A further weakening of the dollar in the global market and an increase in the EUR/USD exchange rate above 1.20 may also push the USD/PLN quotations down towards 3.60. However, the chances of further falls below these levels seem limited now. The zloty is also still supported by good market sentiment and still relatively low risk aversion.
This also has a positive impact on the zloty's relations with other main currencies - these are not two-year value records as in the case of the USD/PLN, but the lower limits, looking at, e.g. the EUR/PLN pair (approx. 4.38) or the CHF/PLN pair (approx. 4.06).
Restrictions in Germany will stay
The sharp depreciation of the dollar and the continued strong euro are happening on the day when we receive negative reports from the eurozone.

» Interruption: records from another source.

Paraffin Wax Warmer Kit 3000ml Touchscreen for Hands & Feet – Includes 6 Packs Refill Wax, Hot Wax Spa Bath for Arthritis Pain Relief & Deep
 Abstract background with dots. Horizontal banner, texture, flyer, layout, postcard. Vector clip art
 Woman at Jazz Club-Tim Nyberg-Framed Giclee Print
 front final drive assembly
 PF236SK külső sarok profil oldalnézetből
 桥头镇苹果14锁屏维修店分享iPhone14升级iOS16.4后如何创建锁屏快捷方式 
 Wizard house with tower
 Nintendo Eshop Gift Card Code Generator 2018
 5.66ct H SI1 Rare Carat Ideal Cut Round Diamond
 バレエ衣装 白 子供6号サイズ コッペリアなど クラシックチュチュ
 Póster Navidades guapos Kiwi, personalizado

Yesterday, Germany recorded the biggest daily increase in coronavirus cases in four months, and in the last three weeks alone, the number of daily cases has doubled. Chancellor Angela Merkel, quoted by Bloomberg, also ruled out relaxing the restrictions this afternoon, saying in Düsseldorf that this trend "should not continue and we need to contain it".
Observing the behaviour of the euro and the dollar, or the equity market in its still good shape, one can see that the market is not reacting negatively. Indirectly, this is due to the fact that nobody expects a second "lockdown", as well as to the liquidity provided by central banks to the market. The market is, to some extent, detached from fundamental realities (especially the equity market) due to central bank actions.
However, the recent rapid rise in the number of cases in Europe may cause a somewhat more cautious attitude among market participants, potentially limiting the weakening of the dollar and increasing somewhat risk aversion. As a result, it may also act as a restraining factor for further increases in the value of the zloty, and it will be difficult to strengthen even more from current levels against the main currencies, at least in the coming days.